Untuk diketahui, dugaan korupsi terjadi pada 2021, ketika Dinas Pekerjaan Umum Penataan Ruang Perumahan Kawasan Permukiman dan Pertanahan (PUPR-PKPP) Provinsi Riau melaksanakan kegiatan Pekerjaan Pembangunan Fisik Masjid Raya Pekanbaru. Kegiatan tersebut bersumber dari APBD Provinsi Riau dengan pagu anggaran sebesar Rp8.654.181.913.

Proyek ini dimenangkan oleh CV Watashiwa Miazawa dengan nilai kontrak sebesar Rp6.321.726.003,54, dan dilaksanakan selama 150 hari kalender dimulai sejak tanggal 3 Agustus hingga 30 Desember 2021.

Pada tanggal 20 Desember 2021, Syafri selaku PPK meminta untuk mencairkan pembayaran 100 persen. Sedangkan bobot pekerjaan baru diselesaikan lebih kurang 80 persen, dilaporkan bobot atau volume pekerjaan 97 persen.
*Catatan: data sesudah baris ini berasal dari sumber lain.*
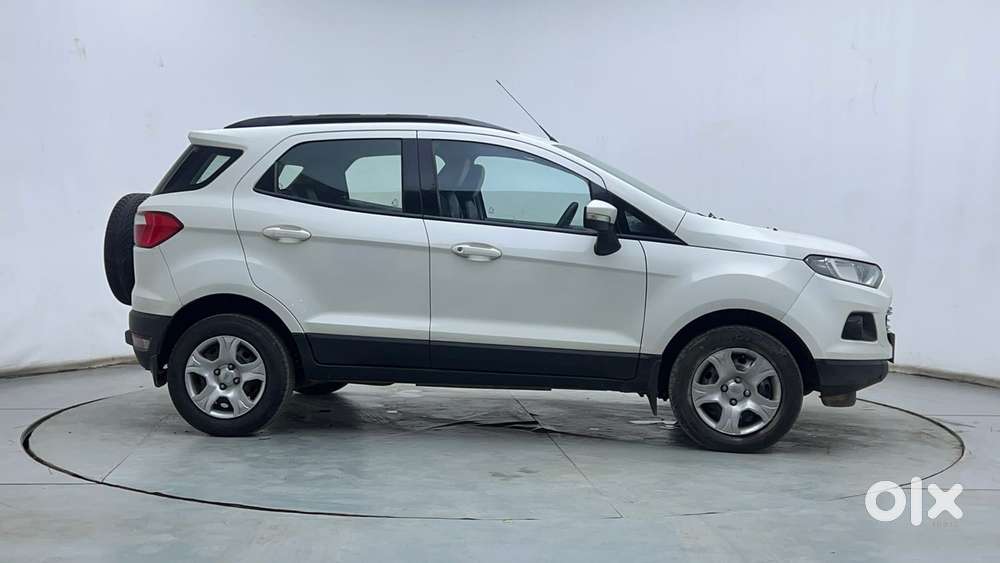 Ford Ecosport 1.5 Diesel Trend, 2017, Diesel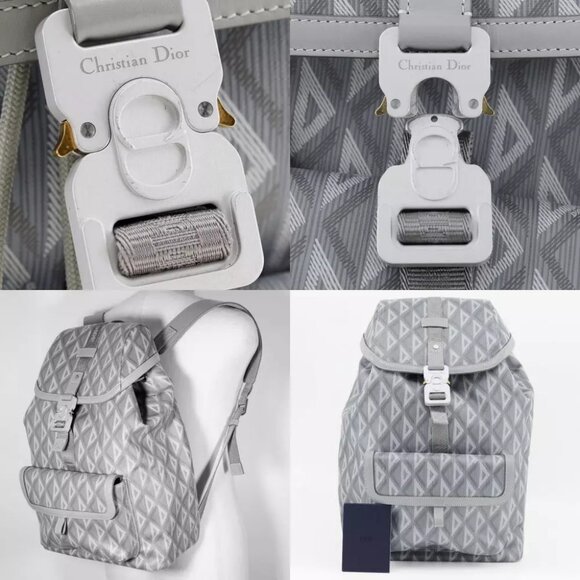 authenticity guaranteed Dior HIT THE ROAD Backpack Daypack main image 9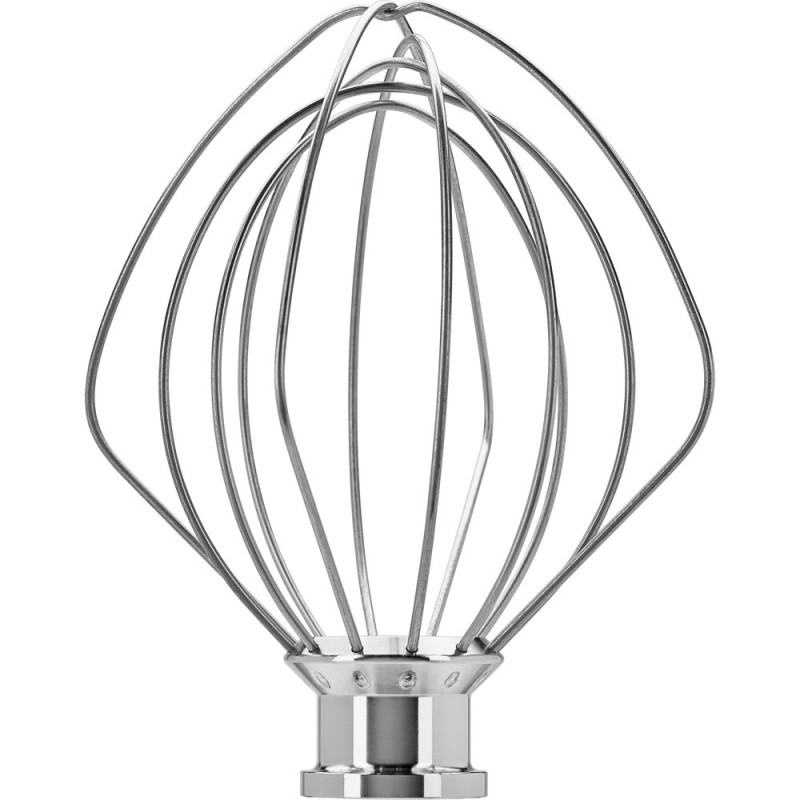 Kitchenaid 5KSM5THWWSS Draadgarde RVS - Vergelijk prijzen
Berdasarkan perhitungan fisik oleh ahli, bobot pekerjaan yang dikerjakan diperoleh ketidaksesuaian spesifikasi pekerjaan dan volume pekerjaan 78,57 persen atau kekurangan volume pekerjaan. Berdasarkan audit yang dilakukan Badan Pengawasan Keuangan dan Pembangunan (BPKP) Perwakilan Provinsi Riau diketahui kerugian keuangan negara sebesar Rp1.362.182.699,62.